• Records shown
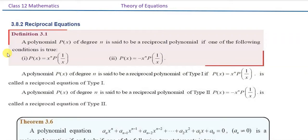In this video, Plus 2 Max Unit 3, sections 3.5 and 3.6, the introduction covers two topics: one is reciprocal equations, and the other is Descartes' sign rule.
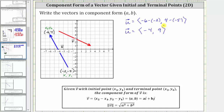Let's analyze the graph to verify these are the components of vector u. Starting at the initial point, notice how the horizontal change or change in x is left four units, which is why the x component is negative four. And then from here, the vertical change or vertical displacement is up nine units, which is why the vertical component is positive nine. We can also say the change in y is positive nine.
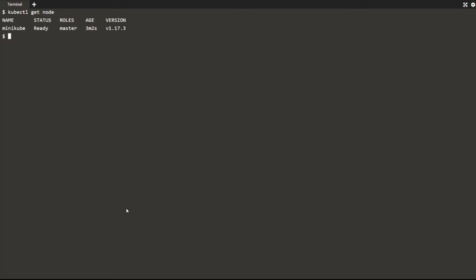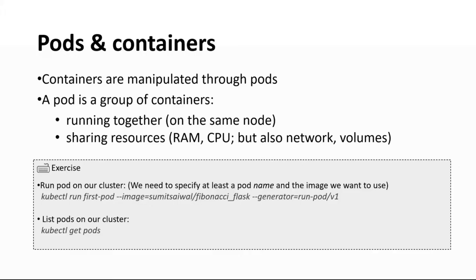In this playground cluster, we only have one node. The node name is minikube, status is ready, and its role is master. Kubernetes clusters have two types of nodes: master and worker nodes, used to run different types of workloads. So we have a cluster and we have a node — that was our first command.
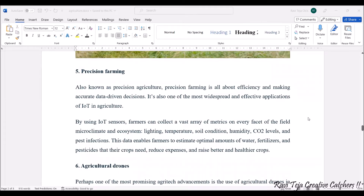Precise farming can be done based on sensor data. Using IoT sensors, lightning, temperature, soil condition, humidity, carbon dioxide levels, and pest infection can all be monitored and altered if necessary. This data enables farmers to estimate optimal amounts of water, fertilizers, and pesticides for their crops according to need, helping reduce expenses and raise better, healthier crops.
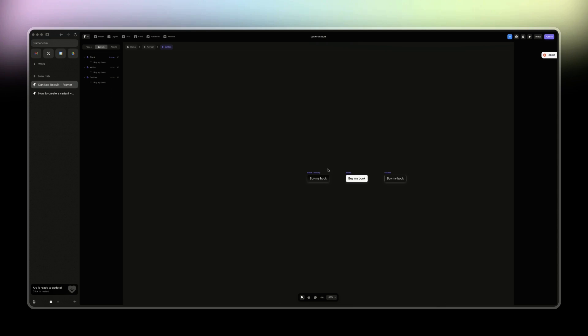In this video, we're going to cover how to create variants for your components, whether it's a button or a slider or whatever that might be. We're going to cover how to create those here.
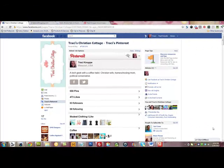Hi, Tracy Knoppe here. Today I'm going to do a Pinterest tutorial to show you how you can add a custom landing tab on your Facebook page that contains all of your Pinterest content, all your boards and all that kind of stuff.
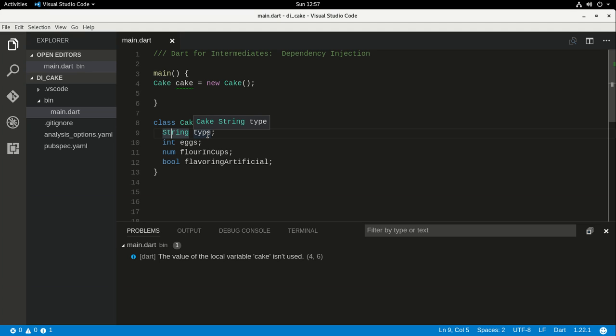Hi everyone, this is Richard. In this video we're going to talk about dependency injection. Dependency injection is one of those more advanced features. I'm going to talk about it because we have to understand this before we go on to learning more about frameworks, specifically Angular 2. It introduces dependency injection very early on, and if you don't understand it, you might get lost very quickly.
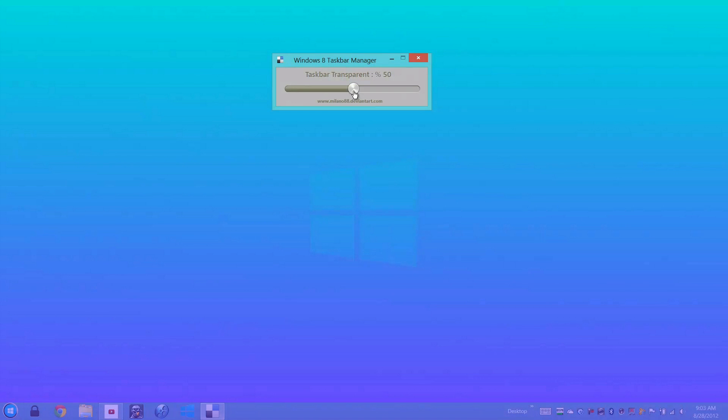The pro of this application is that it does make the taskbar somewhat disappear without actually hiding itself and popping up. The con is that it doesn't have a startup option, and even if you do put it in a startup folder...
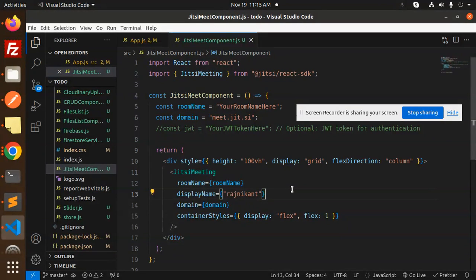In the coming series, we'll learn such things. Currently, for integrating Jitsi Meet, this is a very simple component you can integrate into your React application.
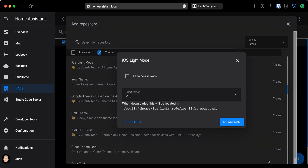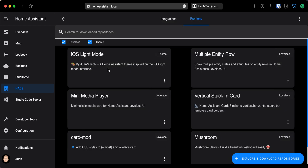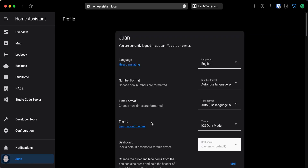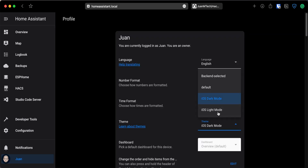Leave it set to the latest version and then click on Download. After the theme downloads, you don't need to restart Home Assistant, so just go to the Profile tab and select the new theme under the Themes drop-down.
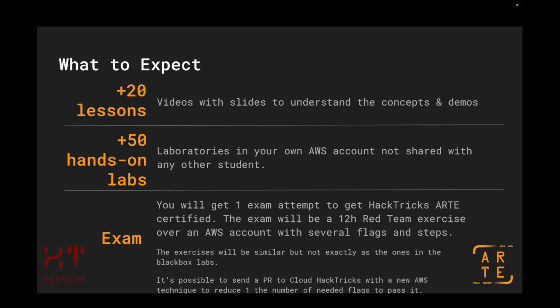Therefore, the exam is going to be a black box exercise. It is possible to send a pull request to Cloud HackTricks with a new AWS technique — for example, a privilege escalation or a post-exploitation technique that is not yet explained in HackTricks — to reduce by one the number of flags needed to pass the exam, in case the pull request gets approved. Please note that the pull request needs to specify a new privilege escalation, post-exploitation, or any technique that demonstrates your AWS expertise in order to reduce by one the number of flags you will need to pass the exam.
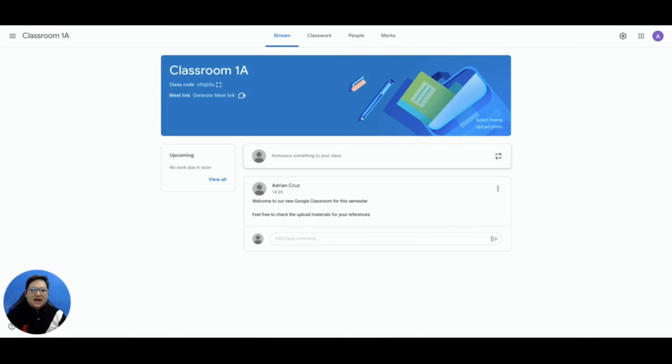With the integration of Google Meet in Google Classroom, it enables teachers to seamlessly connect and create impactful learning experiences with their students. Through this, it's also a way to ensure that students do not get lost or confused as to which Meet link to use during synchronous classes. In this video, I will share the advantages of using Google Meet, including enabling the Classroom Meet link and implementation in synchronous learning.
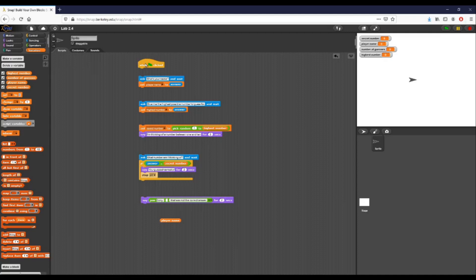Hey everyone, this is Brad Roybal and I am back with another video for Teals. This time we're looking at Lab 2.4 and we're going over part 2 for the lab. The first part I'm going to cover — which we kind of glossed over in the first part — is asking the player their name at the start of the game and then adding a personalized message inside of our original script.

• Instructions to follow
Range to print from the listing above: from the line with "In this video, we're" up to and including the line with "Hi, Tracy Knoppe". Please print those lines exactly, with no pictures and nothing more.

• Output for this task
In this video, we're going to cover how to create variants for your components, whether it's a button or a slider or whatever that might be. We're going to cover how to create those here.
Hi, Tracy Knoppe here. Today I'm going to do a Pinterest tutorial to show you how you can add a custom landing tab on your Facebook page that contains all of your Pinterest content, all your boards and all that kind of stuff.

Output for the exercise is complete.